DEAR ABBY: I got divorced a year ago. Before it became final, there were many court appearances. My husband told my mother we were divorcing because I was unfaithful, which is true. What he didn't say was I felt neglected, abandoned and unwanted, all things he knew because I had discussed them with him and he ignored me.
Either way, she is my mother, not his, and she showed up with him to a couple of court dates to vouch for him to have custody of our kids! I was sad, mortified and angry. It happened with no warning. Mother and I had not severed contact. As a matter of fact, she had recently spent a week with me and our kids in our home.

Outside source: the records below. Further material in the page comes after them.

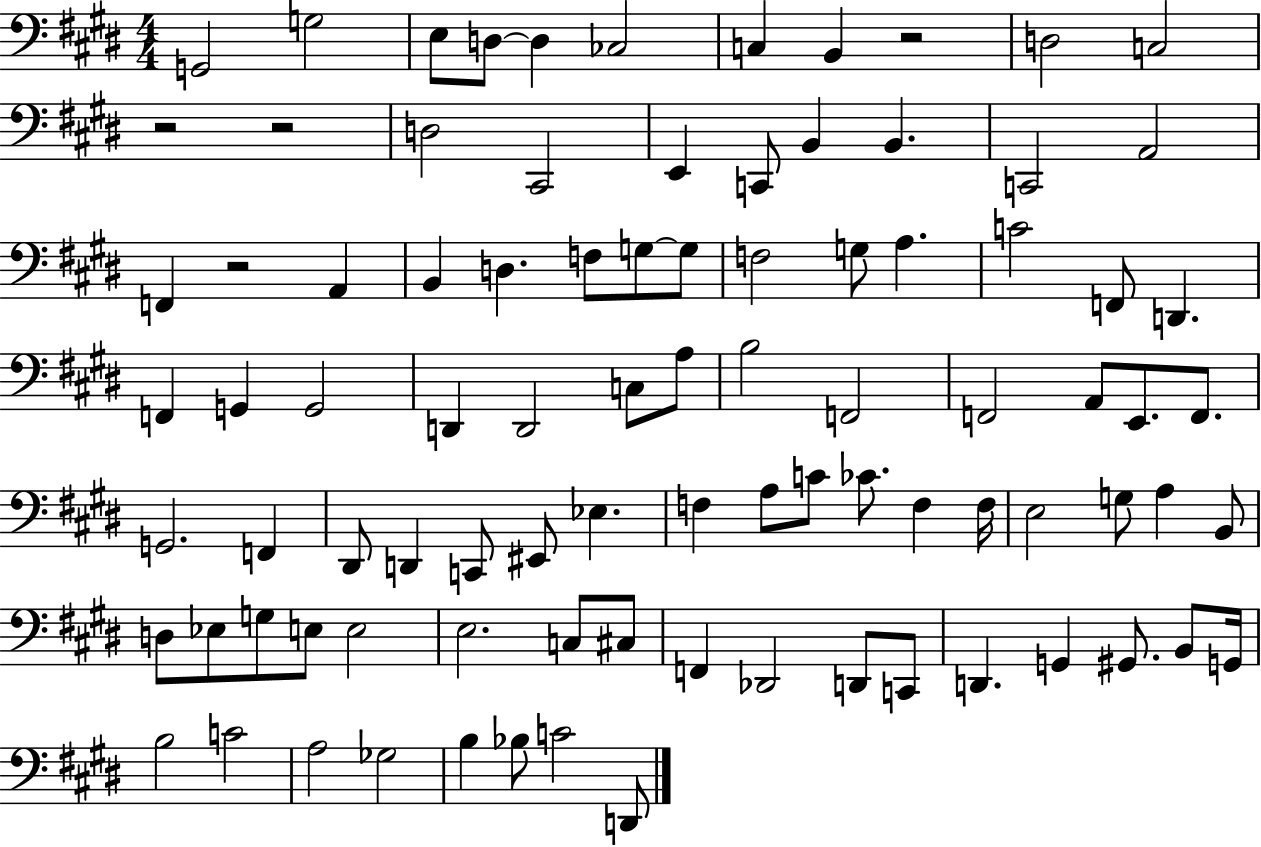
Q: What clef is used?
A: bass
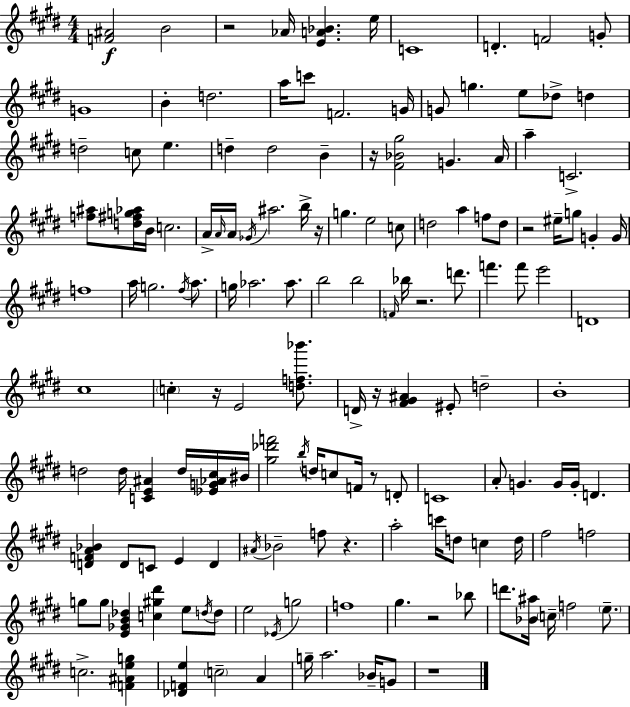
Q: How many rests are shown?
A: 11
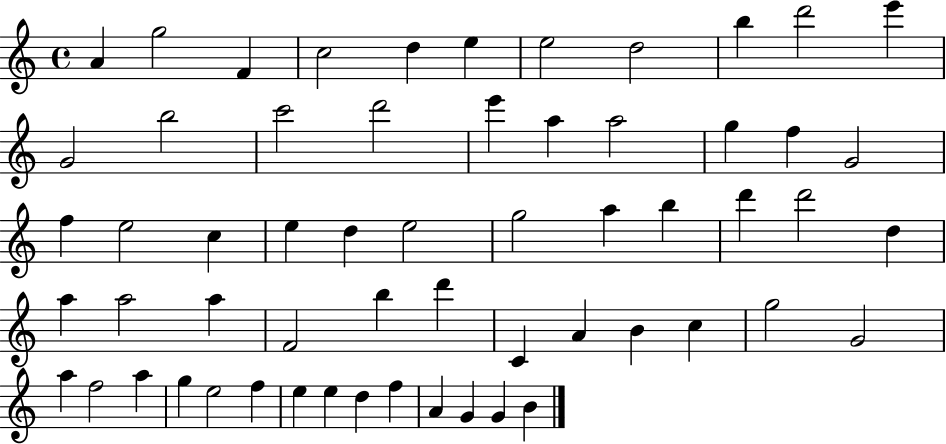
{
  \clef treble
  \time 4/4
  \defaultTimeSignature
  \key c \major
  a'4 g''2 f'4 | c''2 d''4 e''4 | e''2 d''2 | b''4 d'''2 e'''4 | \break g'2 b''2 | c'''2 d'''2 | e'''4 a''4 a''2 | g''4 f''4 g'2 | \break f''4 e''2 c''4 | e''4 d''4 e''2 | g''2 a''4 b''4 | d'''4 d'''2 d''4 | \break a''4 a''2 a''4 | f'2 b''4 d'''4 | c'4 a'4 b'4 c''4 | g''2 g'2 | \break a''4 f''2 a''4 | g''4 e''2 f''4 | e''4 e''4 d''4 f''4 | a'4 g'4 g'4 b'4 | \break \bar "|."
}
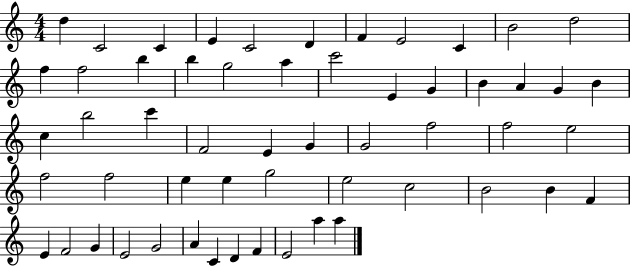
D5/q C4/h C4/q E4/q C4/h D4/q F4/q E4/h C4/q B4/h D5/h F5/q F5/h B5/q B5/q G5/h A5/q C6/h E4/q G4/q B4/q A4/q G4/q B4/q C5/q B5/h C6/q F4/h E4/q G4/q G4/h F5/h F5/h E5/h F5/h F5/h E5/q E5/q G5/h E5/h C5/h B4/h B4/q F4/q E4/q F4/h G4/q E4/h G4/h A4/q C4/q D4/q F4/q E4/h A5/q A5/q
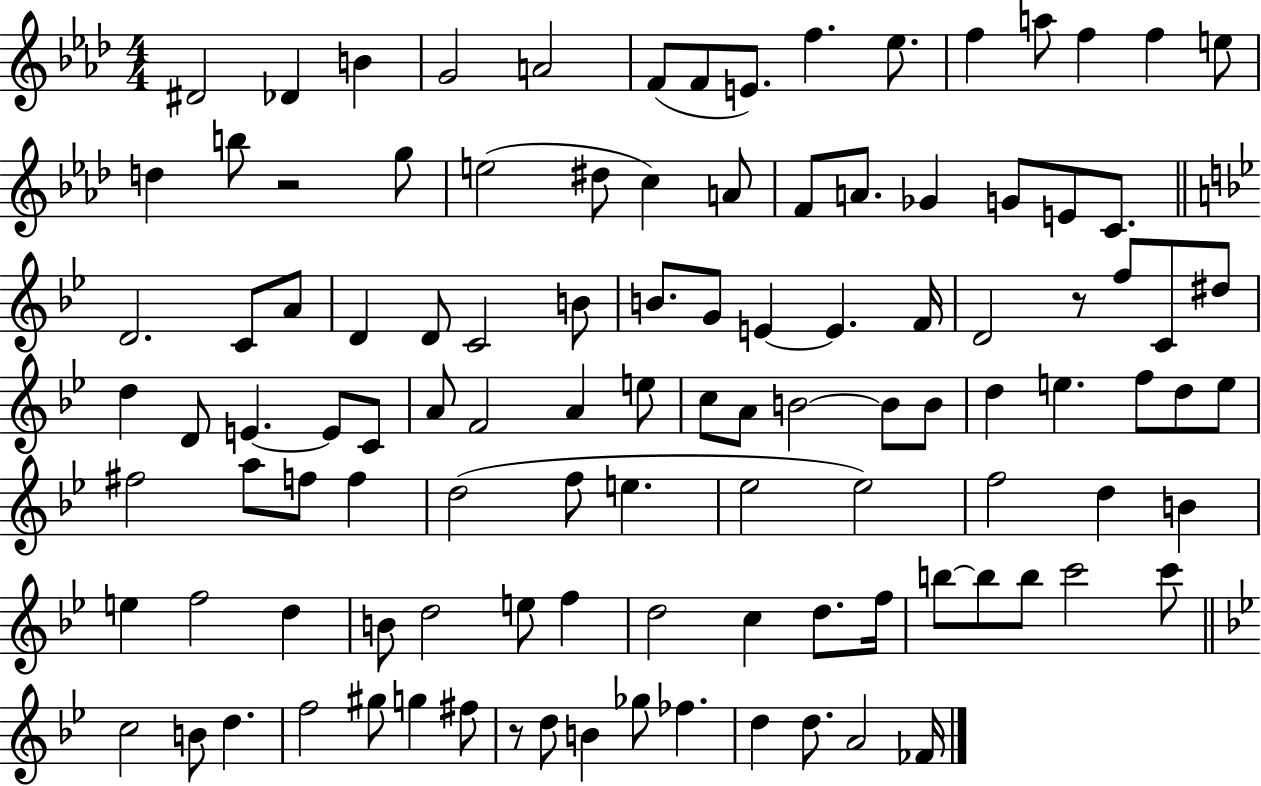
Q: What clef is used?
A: treble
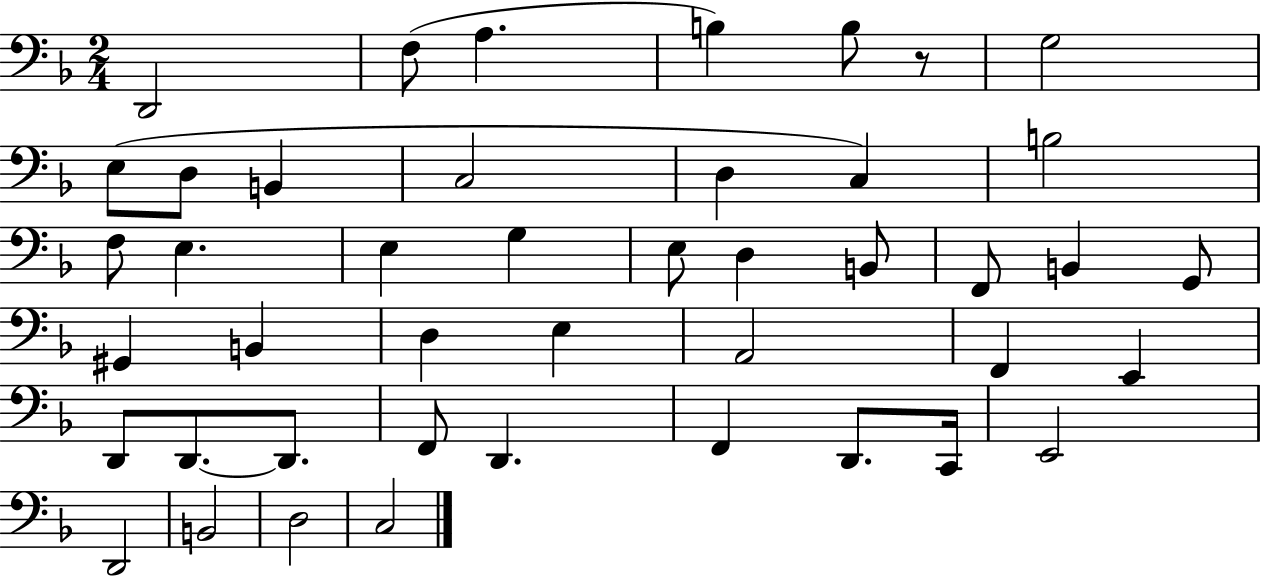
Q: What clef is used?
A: bass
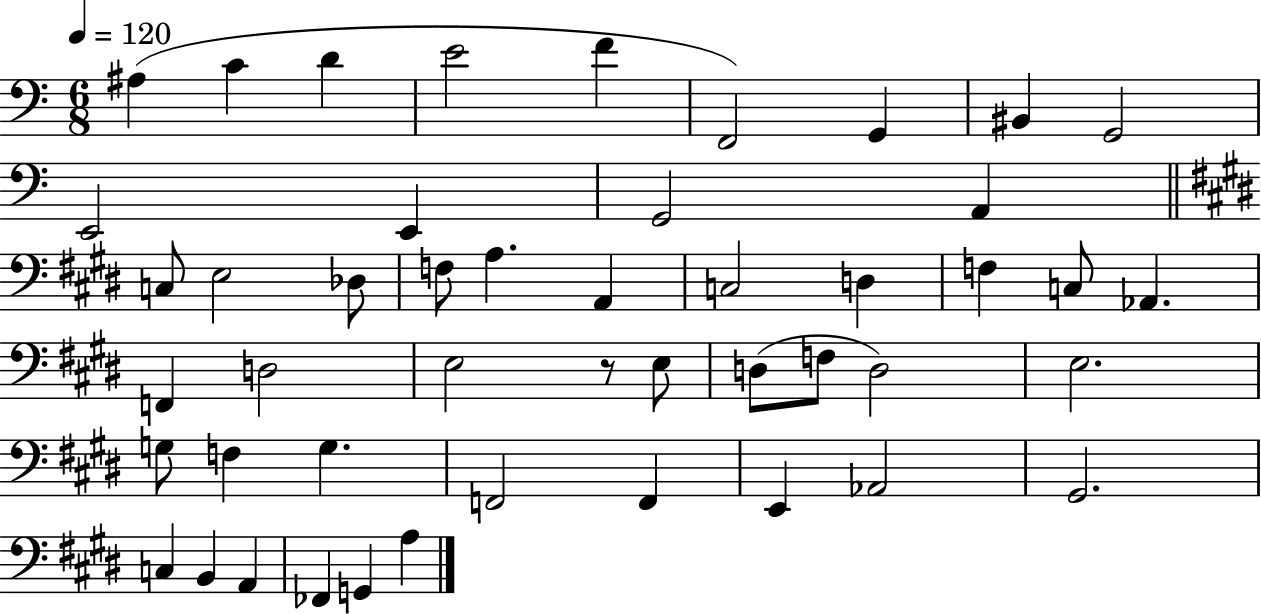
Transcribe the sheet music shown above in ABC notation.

X:1
T:Untitled
M:6/8
L:1/4
K:C
^A, C D E2 F F,,2 G,, ^B,, G,,2 E,,2 E,, G,,2 A,, C,/2 E,2 _D,/2 F,/2 A, A,, C,2 D, F, C,/2 _A,, F,, D,2 E,2 z/2 E,/2 D,/2 F,/2 D,2 E,2 G,/2 F, G, F,,2 F,, E,, _A,,2 ^G,,2 C, B,, A,, _F,, G,, A,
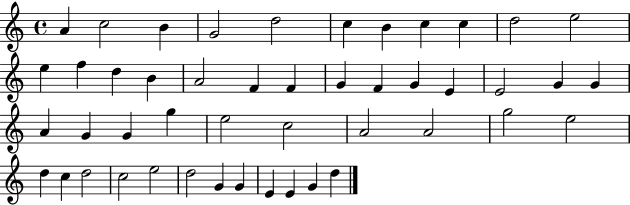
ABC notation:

X:1
T:Untitled
M:4/4
L:1/4
K:C
A c2 B G2 d2 c B c c d2 e2 e f d B A2 F F G F G E E2 G G A G G g e2 c2 A2 A2 g2 e2 d c d2 c2 e2 d2 G G E E G d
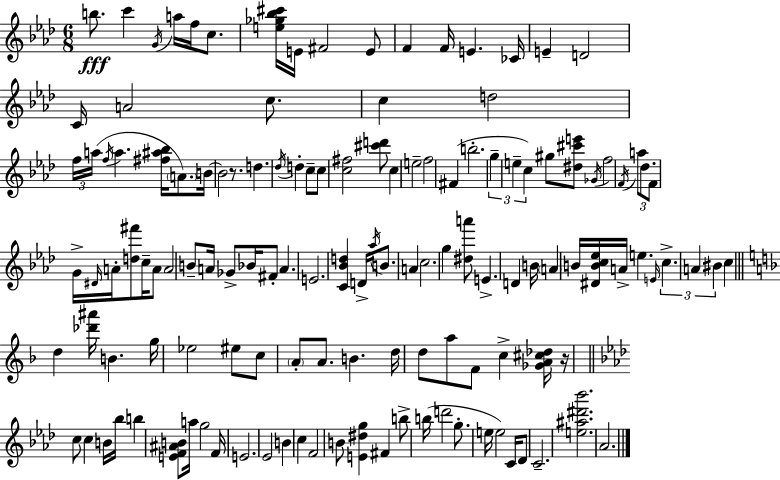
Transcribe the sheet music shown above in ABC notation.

X:1
T:Untitled
M:6/8
L:1/4
K:Fm
b/2 c' G/4 a/4 f/4 c/2 [e_g_b^c']/4 E/4 ^F2 E/2 F F/4 E _C/4 E D2 C/4 A2 c/2 c d2 f/4 a/4 f/4 a [^f^a_b]/4 A/2 B/4 B2 z/2 d _d/4 d c/2 c/2 [c^f]2 [^c'd']/2 c e2 f2 ^F b2 g e c ^g/2 [^d^c'e']/2 _G/4 f2 F/4 a/2 _d/2 F/2 G/4 ^D/4 A/4 [d^f']/2 c/4 A/2 A2 B/2 A/4 _G/2 _B/4 ^F/2 A E2 [C_Bd] D/4 _a/4 B/2 A c2 g [^da']/2 E D B/4 A B/4 [^DBc_e]/4 A/4 e E/4 c A ^B c d [_d'^a']/4 B g/4 _e2 ^e/2 c/2 A/2 A/2 B d/4 d/2 a/2 F/2 c [_GA^c_d]/4 z/4 c/2 c B/4 _b/4 b [EF^AB]/2 a/4 g2 F/4 E2 _E2 B c F2 B/2 [E^dg] ^F b/2 b/4 d'2 g/2 e/4 e2 C/4 _D/2 C2 [e^a^d'_b']2 _A2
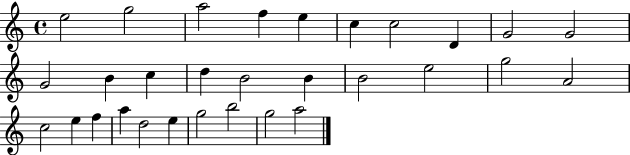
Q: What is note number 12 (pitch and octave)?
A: B4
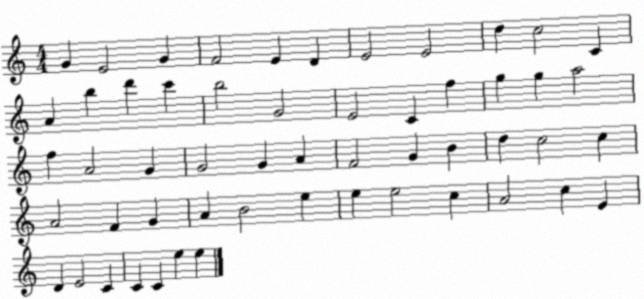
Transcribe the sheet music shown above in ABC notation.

X:1
T:Untitled
M:4/4
L:1/4
K:C
G E2 G F2 E D E2 E2 d c2 C A b d' c' b2 G2 E2 C f g g a2 f A2 G G2 G A F2 G B d c2 c A2 F G A B2 e e e2 c A2 c E D E2 C C C e e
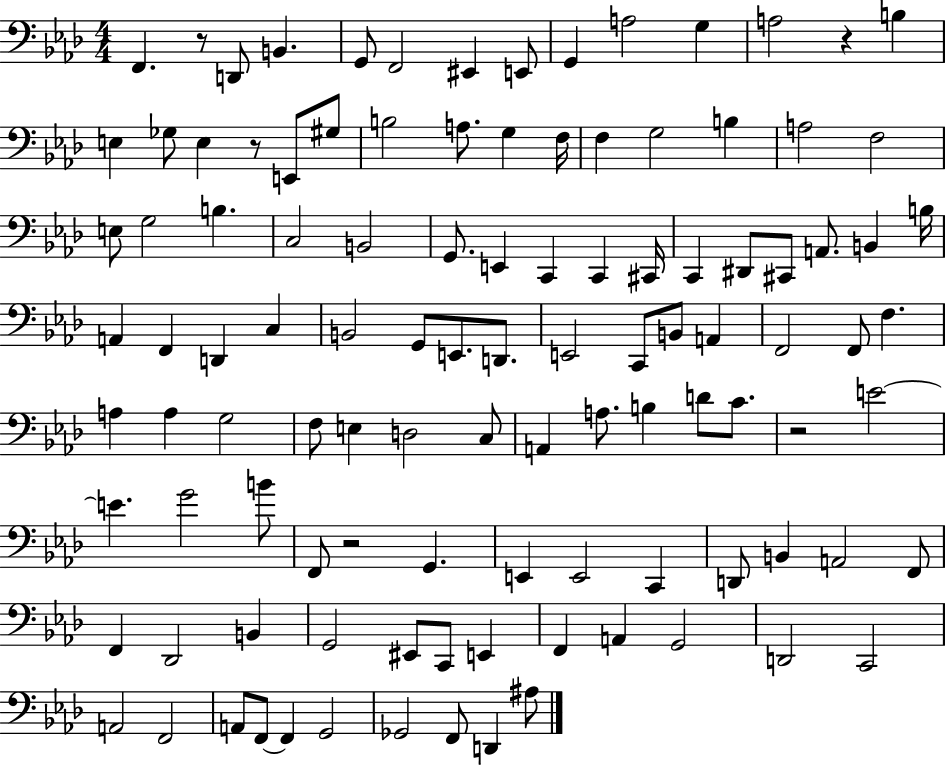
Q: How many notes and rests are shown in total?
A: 109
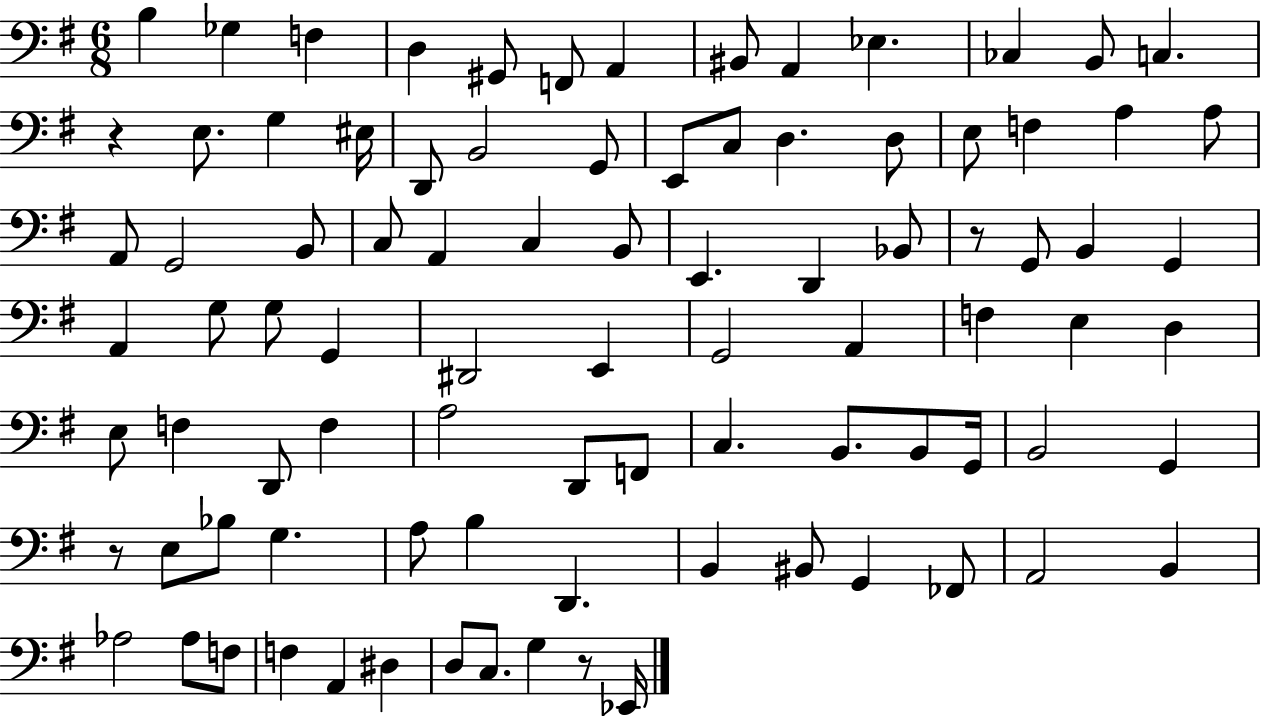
B3/q Gb3/q F3/q D3/q G#2/e F2/e A2/q BIS2/e A2/q Eb3/q. CES3/q B2/e C3/q. R/q E3/e. G3/q EIS3/s D2/e B2/h G2/e E2/e C3/e D3/q. D3/e E3/e F3/q A3/q A3/e A2/e G2/h B2/e C3/e A2/q C3/q B2/e E2/q. D2/q Bb2/e R/e G2/e B2/q G2/q A2/q G3/e G3/e G2/q D#2/h E2/q G2/h A2/q F3/q E3/q D3/q E3/e F3/q D2/e F3/q A3/h D2/e F2/e C3/q. B2/e. B2/e G2/s B2/h G2/q R/e E3/e Bb3/e G3/q. A3/e B3/q D2/q. B2/q BIS2/e G2/q FES2/e A2/h B2/q Ab3/h Ab3/e F3/e F3/q A2/q D#3/q D3/e C3/e. G3/q R/e Eb2/s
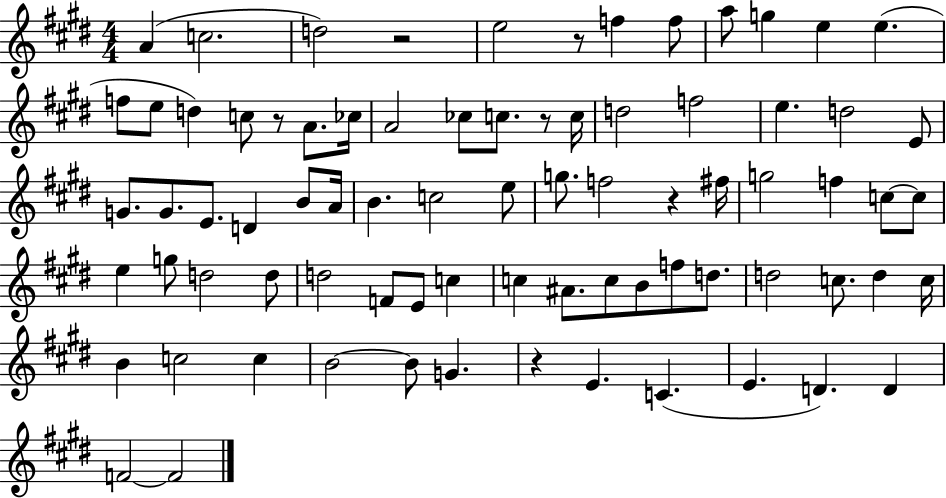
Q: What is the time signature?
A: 4/4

Our relationship had never been great, but now it's over. It has been a year since we last spoke, and I feel no remorse, no sadness, no regrets, only anger that she turned against her own daughter. Regardless of what I did, I am her child. As a mother, I would never betray my children, no matter what they did. I was awarded full physical and legal custody of both of them, by the way. Is there something wrong with me for not feeling sad or missing her and being so angry after an entire year has passed? -- NUMB IN NEW JERSEY
DEAR NUMB: Wrong? In your words, your relationship with your mother had never been great. That she appeared in court as a surprise witness for your husband must have been a terrible shock. I assume your mother has not tried to apologize for what she did. If that's true, there is nothing wrong with your justifiable anger unless it's eating at you and negatively affecting your quality of life. If that is what's happening, talking with a licensed psychotherapist will help you straighten out your thinking.